On the second issue, the Court concurred with the appellants’ reliance on Ayyasamy. In that case it was held that when a party wants to wriggle out of an arbitration agreement on the basis of alleged fraud, then a strict and meticulous inquiry is needed to determine whether the allegations are of a serious and complicated nature that should be addressed by the court. Further, it was pointed out that mere allegations of fraud could not preclude arbitration and it was the duty of the court to impart business efficacy to commercial transactions.

Applying Ayyasamy, the Court held that the allegations of fraud were not serious and in any event, could very well be examined by the arbitral tribunal. Even though Juwi India and Astonfield were not parties to the lease agreement, all the agreements contained clauses referring to the lease agreement and it was the duty of the Court to not merely go by the averments made in the submissions but to also adopt a commercial understanding and impart business efficacy.

Comment: The Supreme Court appears to have limited the application of Sukanya Holdings under section 8. While discussing the 2015 amendments to this provision, the Court pointed out the introduction of the section 45 language (“through or under”) and that the amendments apply notwithstanding any judicial precedent, which would arguably include Sukanya Holdings. Therefore, this judicial decision assumes immense significance because it demonstrates the application of Chloro Controls to domestic arbitrations and expands the traditional conception of “parties” to an arbitration agreement to include non-signatories based on the facts and circumstances. Based on this decision, it would probably be prudent for parties in a composite transaction involving multiple agreements with arbitration clauses to expressly exclude arbitration in any agreement should that be the intention.

Although Ayyasamy has been subjected to considerable criticism, this decision is important because it clearly reiterates that mere allegations of fraud cannot be used to disable or obstruct a domestic arbitration.

Mere reference in an agreement to another document containing an arbitration clause is insufficient to incorporate the clause

Brief facts: The respondent (Techtrans) was party to a construction agreement that contained an arbitration clause (“any dispute...between the parties…shall be finally settled by binding arbitration”).
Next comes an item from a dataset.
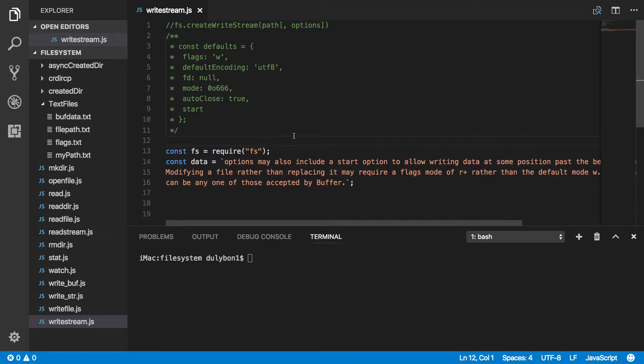Hey guys, this is Dooley. In this video we will continue talking about the file system module in Node.js. Today we'll focus on the createWriteStream function, which is a function that will allow you to create what's called a writable stream — a stream that will allow you to write data to a particular file that you provide the path in.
Under this agreement, the respondent entered into a sub-contract with the appellant (Elite Engineering) that did not contain an arbitration clause. When disputes arose between the appellant and respondent, the appellant filed a petition under section 9 of the Act. This petition was subsequently allowed but the judge left open the issue of existence of an arbitration agreement. Meanwhile, the appellant’s petition under section 11 of the Act to appoint an arbitrator was dismissed by the High Court on the respondent’s contention that there was no arbitration agreement.

Issue: Was the arbitration clause in the construction agreement incorporated into the sub-contract?

Arguments: The appellant argued that (i) the sub-contract incorporates the arbitration agreement in the construction agreement by implication by virtue of the following clauses: clause 2 that provides that “all the conditions and special conditions of contract, specifications (general and additional clauses relating to the works and quality specified in the [construction agreement] are binding on the Subcontractor” [emphasis supplied]; and clause 9.10 of the Annexure that provides that “for items which are not mentioned in this Agreement Clauses, terms and conditions of [the construction agreement] will be applicable” [emphasis supplied].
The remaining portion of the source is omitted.